Réunion du 1er décembre 2010 à 16h30
Commission des affaires européennes

Michel Barnier, commissaire européen en charge du marché intérieur et des services :

Messieurs les Présidents, Mesdames et Messieurs les députés, je suis heureux d'avoir l'occasion de revenir à l'Assemblée nationale où j'ai eu l'honneur de siéger, à vos côtés, pendant une vingtaine d'années. Sachez que ma disponibilité pour dialoguer avec vous est totale, ici ou à Bruxelles, où il y a toujours intérêt à se rendre, pour rencontrer tel ou tel membre de la Commission européenne, ou tel ou tel directeur général. A toutes fins utiles, je rappelle que je ne représente pas la France, même si c'est la première fois en cinquante ou soixante ans qu'un Français est nommé à ce poste, et même si cette nomination a suscité un certain émoi, qui s'est d'ailleurs largement apaisé.

Le domaine qui m'est confié se divise en deux grands pôles : le pôle de la régulation et de la supervision financières, et celui du marché unique, qui se fonde sur les quatre libertés de circulation – des personnes, des marchandises, des services et des capitaux – et comprend aussi les marchés publics et la propriété intellectuelle. Depuis une dizaine de mois, je m'efforce d'oeuvrer sur tous ces fronts en mettant au service de mon action une capacité d'enthousiasme, et éventuellement d'indignation, qu'il ne faut jamais perdre quand on fait de la politique – et les commissaires restent des politiques.

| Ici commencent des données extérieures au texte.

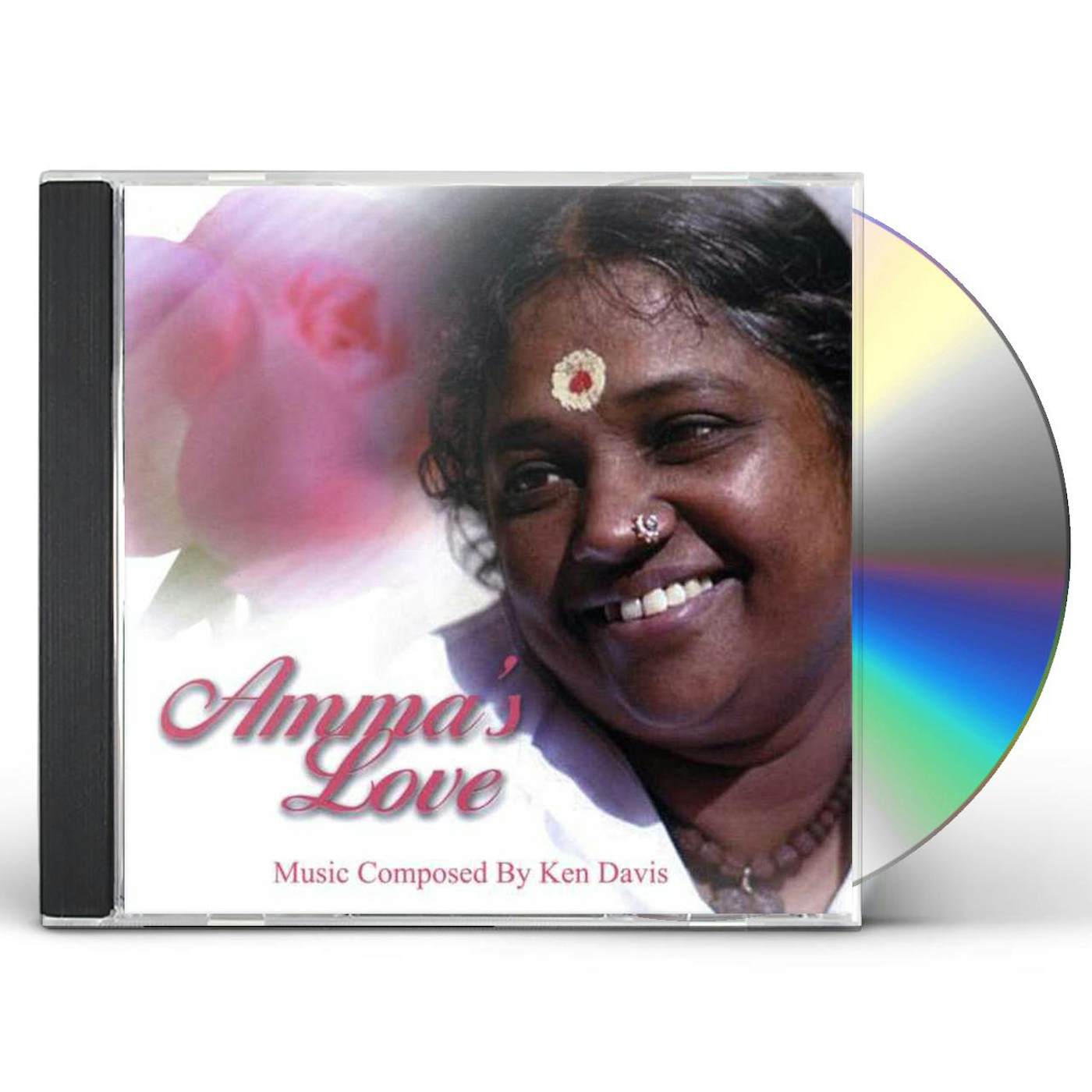 Ken Davis AMMA'S LOVE CD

La construction européenne est arrivée à un moment de vérité. Elle est interpellée de l'extérieur par la montée de très grandes puissances, d'Etats à l'échelle d'un continent, qui ne demandent plus la permission – ainsi, les négociations de Doha ont été bloquées par l'Inde qui n'a pas hésité à afficher son désaccord avec les Etats-Unis – et qui n'ont besoin de personne, contrairement aux pays européens qui ont, eux, besoin d'être ensemble. Nous affrontons également des crises profondes telles que le changement climatique, la crise alimentaire qui se poursuit et, depuis deux ans, la crise financière, d'une violence inouïe.

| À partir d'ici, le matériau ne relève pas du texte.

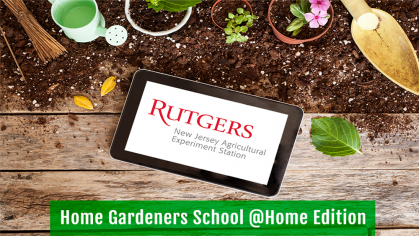 Home Gardeners School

Les défis internes ne manquent pas non plus, à commencer par le rejet de la Constitution européenne par le peuple français qui a clairement montré la divergence entre le projet européen tel qu'il se construit et les citoyens. C'est d'ailleurs une des raisons qui m'a poussé à demander à revenir à Bruxelles pour participer à un changement allant dans le sens d'une plus grande proximité avec les citoyens. Je me suis fixé deux objectifs stratégiques que j'ai exposés en janvier devant le Parlement européen : remettre les services financiers et les marchés au service de l'économie réelle ; et, en même temps, remettre l'économie réelle et le grand marché unique qui la sous-tend au service de la croissance et du progrès humain. Ce double objectif restera le mien jusqu'à la fin de mon mandat et c'est à cette aune que je vous demande de mesurer mon action.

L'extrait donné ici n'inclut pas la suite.